The library is meant to work in a multi-threaded and multiprocess environment writing to the same file or linux pipe
Each write, writes a line of the form
<uuid> <operation> <somedata>
I use
file : File::create(&fname).unwrap()
I can limit the size of the line to some max value if needed, to make sure it is not interleaved
I know that when writing to linux pipe, there is PIPE_BUF is 4,096 bytes, under which it is guaranteed not to be interleaved.
I am finding that when I write with RUST, and I run my test suite without "cargo test -- --test-threads=1"
I am seeing interleaving of the output as follows
Basically the writes are interleaved.
Without "--test-threads=1" the tests are passing.
I can do a Mutex lock for these writes. I am trying not to do that.
Questions:
1. Can I expect writes to not be interleaved for regular files?
2. If I cant how do log files manage to do this? Do they lock? Logs from multi-threaded programs seem to not be jumbled.
3. Can I expect writes to not be interleaved for linux pipes?

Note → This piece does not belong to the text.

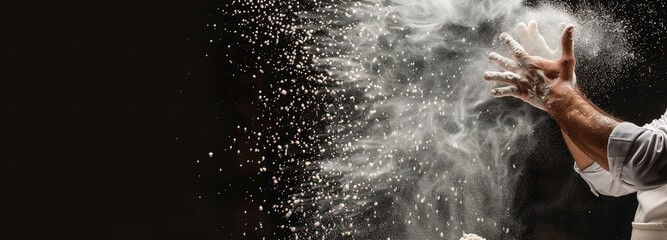 Clap hands of baker throws a handful of white wheat flour on a black background, the particles fly in different directions. Banner for advertisement with long copy space, black background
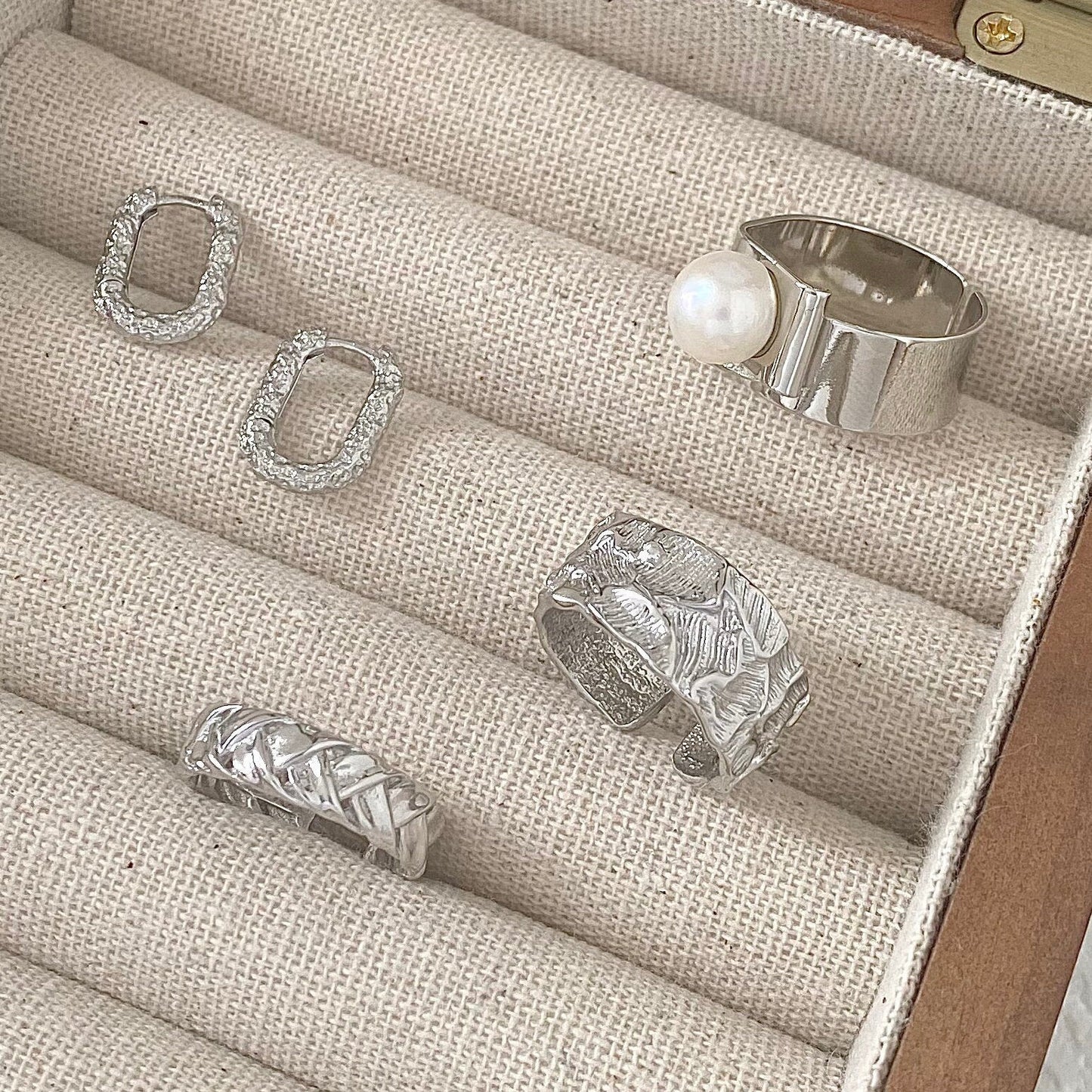Vintage Vibes S925 Silver Embossed Texture Ring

How do you write to the file? Do you use write!(f, "{} {} {}", uuid, operation, somedata)? If so every part is an independent write. You should use f.write_all(format!("{} {} {}", uuid, operation, somedata).as_bytes()) to format into a string that is written all at once. (I used write_all instead of write to ensure that if the write is too big to succeed all at once it will use multiple write calls instead of silently truncating the part after what was successfully written.)
Now things have gotten little better, as in I get a few successful runs.
And I am only using max size of 100 bytes const SENDLIMIT: usize = 100;
But it still fails on some runs, if I try running the test suites a few times, as can be the seen in the last but one line below
Note that write_all does multiple write system calls in a loop in the case of partially succeeding writes, which would get in the way of atomicity. For files, unlike for sockets, writes tend to succeed in their entirety (the exception might be if the write is interrupted by a signal?), so it's usually not an issue. I'm not sure about pipes. But it's something to keep in mind.
It's definitely more robust to just use a Mutex to coordinate writing.
I thought the same, but of course these things are tricky and turn out to be more complicated. I found a pretty great answer about the atomicity of the write system call on stackoverflow -- check it out.
The TL;DR for Linux is:
for pipes, POSIX requires concurrent writes of PIPE_BUF bytes or fewer to be atomic.
for regular files, you can expect atomicity if the file is opened with O_APPEND, but that likely non-append writes will be atomic as well.
HOWEVER, there is technically no guarantee you won't get a short write.
BUT on the other hand, you almost certainly won't get a short write, unless there are extenuating circumstances, such as ENOSPC, hardware failure, or bug.
All that said, while the system call itself may technically be atomic, in that concurrent write requests won't clobber each other, this says absolutely nothing about the durability of of the written data in the face of sudden power loss. In other words, probably this is an ok thing to rely on for low overhead debug logging, but probably not the best plan if you're implementing a database. Perhaps that goes without saying??